Respondent, the mother of the juvenile E.W. ("Ethan"), appeals from an order terminating her parental rights. After careful review, we affirm.
Pseudonyms are used throughout the opinion to protect the identity of the juvenile and for ease of reading.
On 16 February 2015, the Mecklenburg County Department of Social Services, Youth and Family Services ("YFS") filed a petition alleging that Ethan was a neglected and dependent juvenile. YFS stated that it had been working with Respondent-mother and Ethan since 2013 due to Respondent-mother's issues with unstable housing and employment, criminal conduct, and domestic violence. Regarding the latter, YFS alleged that police had been called many times to address domestic discord between Respondent-mother and her significant other ("Mr. S."), and that she had agreed to complete domestic violence counseling. YFS claimed, however, that Respondent-mother failed to complete counseling despite having two years in which to do so, and that domestic violence issues with Mr. S. continued to resurface. YFS obtained non-secure custody of Ethan, but left him in placement with Respondent-mother.
The trial court adjudicated Ethan to be neglected based upon a mediated agreement between the parties on 30 March 2015. The trial court found that "housing, employment, and domestic violence" were specific problems which led to the adjudication of neglect. The trial court left Ethan in place with Respondent-mother and adopted a permanent plan of reunification with a concurrent plan of guardianship or custody. In addition, the trial court ordered Respondent-mother to comply with her case plan, which included attending domestic violence counseling; obtaining a mental health assessment and following all recommendations; seeking and maintaining stable employment and safe and appropriate housing; completing parenting education and demonstrating skills learned; maintaining contact with YFS; and attending all of Ethan's appointments.
On 9 July 2015, the trial court held an emergency review hearing. The trial court found that Respondent-mother had made little progress toward alleviating the problems which led to YFS intervention, and that she had requested that Ethan be placed in guardianship with his maternal great-aunt and uncle ("Mr. and Mrs. C."). In an order entered on 3 August 2015, the trial court placed Ethan in the guardianship of Mr. and Mrs. C. However, in an order entered on 31 May 2016, the trial court found that Mr. and Mrs. C. were no longer willing to be Ethan's guardians. The trial court dissolved the guardianship, and YFS placed Ethan in foster care.
On 3 May 2017, the trial court held a subsequent permanency planning review hearing.

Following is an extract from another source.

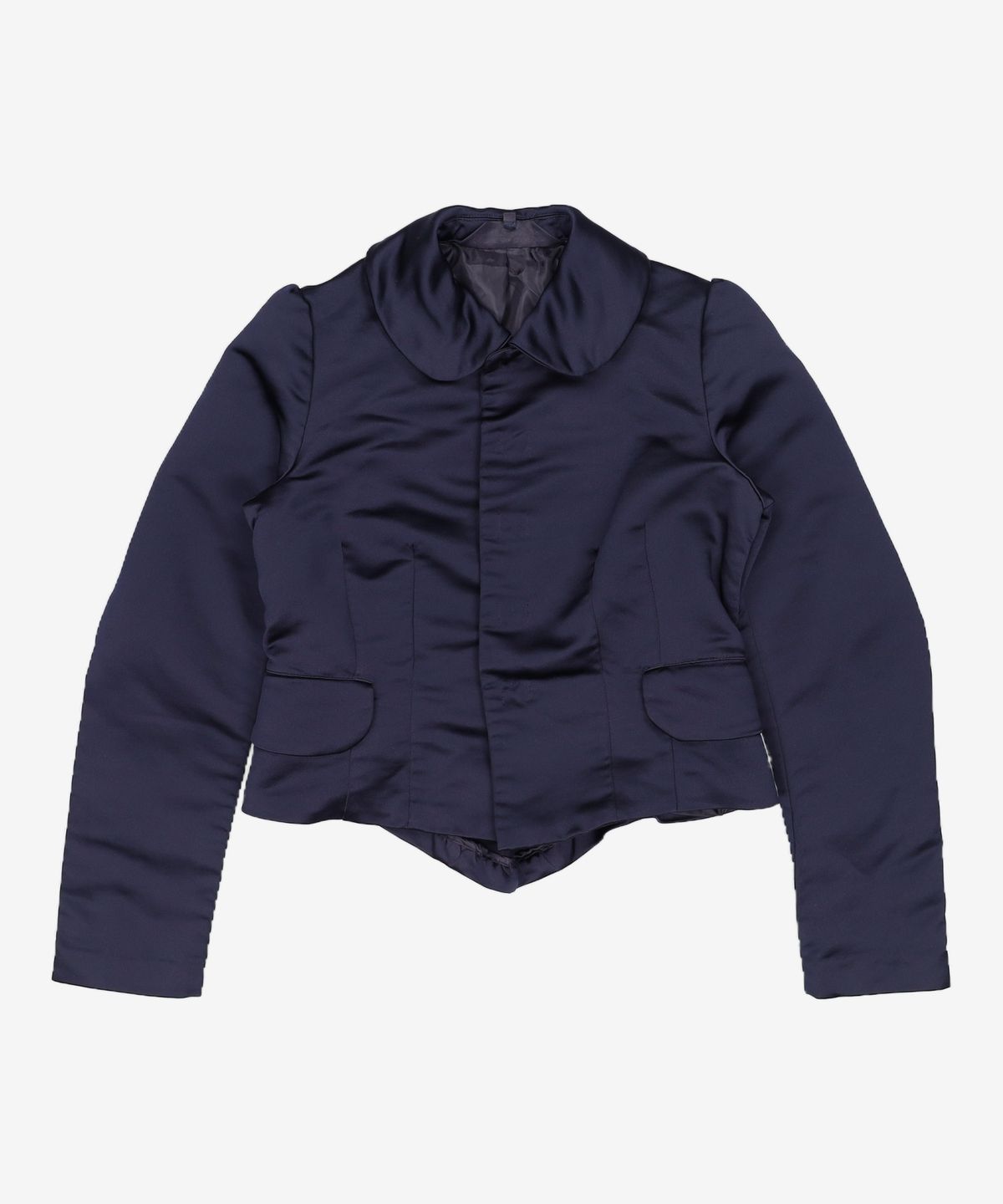 꼼데가르송(COMME DES GARCONS) 기타 점퍼/재킷 S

In an order entered on 5 June 2017, the trial court found that Respondent-mother was not making adequate progress on her case plan and was acting in a manner inconsistent with Ethan's health and safety. The trial court changed the primary permanent plan to adoption with a secondary permanent plan of reunification. Following a subsequent permanency planning review hearing held on 19 September 2017, the trial court changed the secondary permanent plan to guardianship and ordered YFS to file a petition to terminate Respondent-mother's parental rights within 60 days.
On 16 November 2017, YFS filed a petition to terminate Respondent-mother's parental rights on the grounds of neglect, failure to make reasonable progress, failure to pay support, and abandonment, pursuant to N.C. Gen. Stat. § 7B-1111(a)(1), (2), (3), & (7) (2017). On 7 February 2018, the trial court entered an order in which it determined that grounds existed to terminate Respondent-mother's parental rights based upon the grounds alleged in the petition. The trial court further concluded that it was in Ethan's best interests that Respondent-mother's parental rights be terminated. Accordingly, the trial court terminated Respondent-mother's parental rights. Respondent-mother appeals.
Discussion
Respondent-mother argues that the trial court erred by concluding that grounds existed to terminate her parental rights. We disagree.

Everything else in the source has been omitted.